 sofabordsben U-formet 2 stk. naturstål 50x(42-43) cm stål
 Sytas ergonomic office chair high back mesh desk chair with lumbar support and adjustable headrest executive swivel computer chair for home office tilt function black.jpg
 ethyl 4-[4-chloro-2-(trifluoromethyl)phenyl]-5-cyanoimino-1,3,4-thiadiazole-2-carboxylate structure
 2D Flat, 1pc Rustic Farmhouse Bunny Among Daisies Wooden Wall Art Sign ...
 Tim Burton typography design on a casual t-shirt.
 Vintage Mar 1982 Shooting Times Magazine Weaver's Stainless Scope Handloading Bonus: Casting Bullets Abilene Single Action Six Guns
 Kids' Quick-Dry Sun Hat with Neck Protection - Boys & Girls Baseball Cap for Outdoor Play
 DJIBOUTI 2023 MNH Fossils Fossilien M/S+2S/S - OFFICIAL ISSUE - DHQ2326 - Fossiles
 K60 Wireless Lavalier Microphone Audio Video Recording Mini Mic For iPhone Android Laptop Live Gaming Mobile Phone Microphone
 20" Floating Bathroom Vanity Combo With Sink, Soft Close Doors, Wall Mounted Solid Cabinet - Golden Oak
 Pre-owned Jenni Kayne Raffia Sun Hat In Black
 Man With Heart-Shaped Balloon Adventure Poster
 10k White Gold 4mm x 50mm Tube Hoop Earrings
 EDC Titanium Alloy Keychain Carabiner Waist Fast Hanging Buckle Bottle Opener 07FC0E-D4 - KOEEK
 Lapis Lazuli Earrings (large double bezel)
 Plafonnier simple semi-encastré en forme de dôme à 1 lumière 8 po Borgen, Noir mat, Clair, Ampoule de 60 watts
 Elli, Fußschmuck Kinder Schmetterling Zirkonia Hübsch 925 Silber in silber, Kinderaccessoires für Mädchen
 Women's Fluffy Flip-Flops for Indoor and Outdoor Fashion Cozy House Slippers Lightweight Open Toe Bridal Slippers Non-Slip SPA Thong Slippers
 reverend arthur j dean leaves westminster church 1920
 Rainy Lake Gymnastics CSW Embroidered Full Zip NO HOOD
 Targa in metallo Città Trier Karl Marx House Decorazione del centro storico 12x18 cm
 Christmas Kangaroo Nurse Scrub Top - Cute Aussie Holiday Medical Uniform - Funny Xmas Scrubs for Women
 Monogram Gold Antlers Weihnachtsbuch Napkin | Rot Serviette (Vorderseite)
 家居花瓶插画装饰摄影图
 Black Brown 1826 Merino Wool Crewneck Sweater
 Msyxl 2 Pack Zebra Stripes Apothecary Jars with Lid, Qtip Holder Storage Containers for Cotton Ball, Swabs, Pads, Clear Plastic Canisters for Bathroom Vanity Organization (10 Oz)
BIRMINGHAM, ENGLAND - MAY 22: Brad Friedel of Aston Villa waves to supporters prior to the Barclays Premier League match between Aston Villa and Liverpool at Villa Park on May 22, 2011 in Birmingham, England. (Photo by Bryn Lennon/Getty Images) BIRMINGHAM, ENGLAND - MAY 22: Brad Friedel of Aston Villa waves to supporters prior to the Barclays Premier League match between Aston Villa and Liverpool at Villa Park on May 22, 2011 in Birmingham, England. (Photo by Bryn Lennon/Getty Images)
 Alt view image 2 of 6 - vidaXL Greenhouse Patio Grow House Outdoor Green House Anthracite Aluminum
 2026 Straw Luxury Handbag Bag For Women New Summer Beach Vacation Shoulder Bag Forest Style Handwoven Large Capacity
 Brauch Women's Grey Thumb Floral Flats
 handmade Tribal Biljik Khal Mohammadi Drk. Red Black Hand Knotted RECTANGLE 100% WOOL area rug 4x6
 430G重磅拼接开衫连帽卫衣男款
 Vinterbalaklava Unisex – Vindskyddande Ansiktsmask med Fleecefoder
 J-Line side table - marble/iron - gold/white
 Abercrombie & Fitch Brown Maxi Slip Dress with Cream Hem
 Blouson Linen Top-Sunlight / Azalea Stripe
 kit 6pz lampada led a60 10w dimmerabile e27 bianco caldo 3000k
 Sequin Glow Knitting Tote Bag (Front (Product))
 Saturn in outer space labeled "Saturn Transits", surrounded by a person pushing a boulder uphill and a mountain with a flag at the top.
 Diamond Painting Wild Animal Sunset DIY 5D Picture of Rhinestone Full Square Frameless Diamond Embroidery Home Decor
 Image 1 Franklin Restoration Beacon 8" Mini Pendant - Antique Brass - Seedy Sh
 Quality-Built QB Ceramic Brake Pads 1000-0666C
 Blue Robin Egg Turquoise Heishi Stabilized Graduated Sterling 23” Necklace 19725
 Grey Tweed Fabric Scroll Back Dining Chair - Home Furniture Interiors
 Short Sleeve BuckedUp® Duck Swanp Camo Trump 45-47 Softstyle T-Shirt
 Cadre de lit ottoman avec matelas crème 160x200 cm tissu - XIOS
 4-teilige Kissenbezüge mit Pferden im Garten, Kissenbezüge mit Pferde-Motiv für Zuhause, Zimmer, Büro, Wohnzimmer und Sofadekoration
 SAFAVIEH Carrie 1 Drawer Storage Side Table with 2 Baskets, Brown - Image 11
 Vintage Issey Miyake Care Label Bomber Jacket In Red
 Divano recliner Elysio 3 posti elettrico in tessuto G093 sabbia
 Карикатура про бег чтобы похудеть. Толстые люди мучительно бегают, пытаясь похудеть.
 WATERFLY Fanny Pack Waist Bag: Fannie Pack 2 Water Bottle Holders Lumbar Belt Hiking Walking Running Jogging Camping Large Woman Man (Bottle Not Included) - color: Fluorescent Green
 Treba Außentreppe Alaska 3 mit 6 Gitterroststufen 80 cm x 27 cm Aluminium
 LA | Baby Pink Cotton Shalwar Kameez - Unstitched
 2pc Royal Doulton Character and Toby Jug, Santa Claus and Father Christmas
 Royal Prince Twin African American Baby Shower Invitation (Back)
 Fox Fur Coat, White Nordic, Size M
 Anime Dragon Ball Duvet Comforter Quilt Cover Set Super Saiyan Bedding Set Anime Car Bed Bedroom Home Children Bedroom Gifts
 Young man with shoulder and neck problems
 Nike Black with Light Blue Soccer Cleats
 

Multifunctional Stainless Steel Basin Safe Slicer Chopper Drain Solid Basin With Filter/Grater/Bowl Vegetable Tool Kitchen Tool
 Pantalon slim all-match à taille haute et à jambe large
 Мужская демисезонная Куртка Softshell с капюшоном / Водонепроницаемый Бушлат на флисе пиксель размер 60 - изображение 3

####################

### Exercise description
Copy every line that includes the string "Solid" from the material above.

### Problem solution
 20" Floating Bathroom Vanity Combo With Sink, Soft Close Doors, Wall Mounted Solid Cabinet - Golden Oak
Multifunctional Stainless Steel Basin Safe Slicer Chopper Drain Solid Basin With Filter/Grater/Bowl Vegetable Tool Kitchen Tool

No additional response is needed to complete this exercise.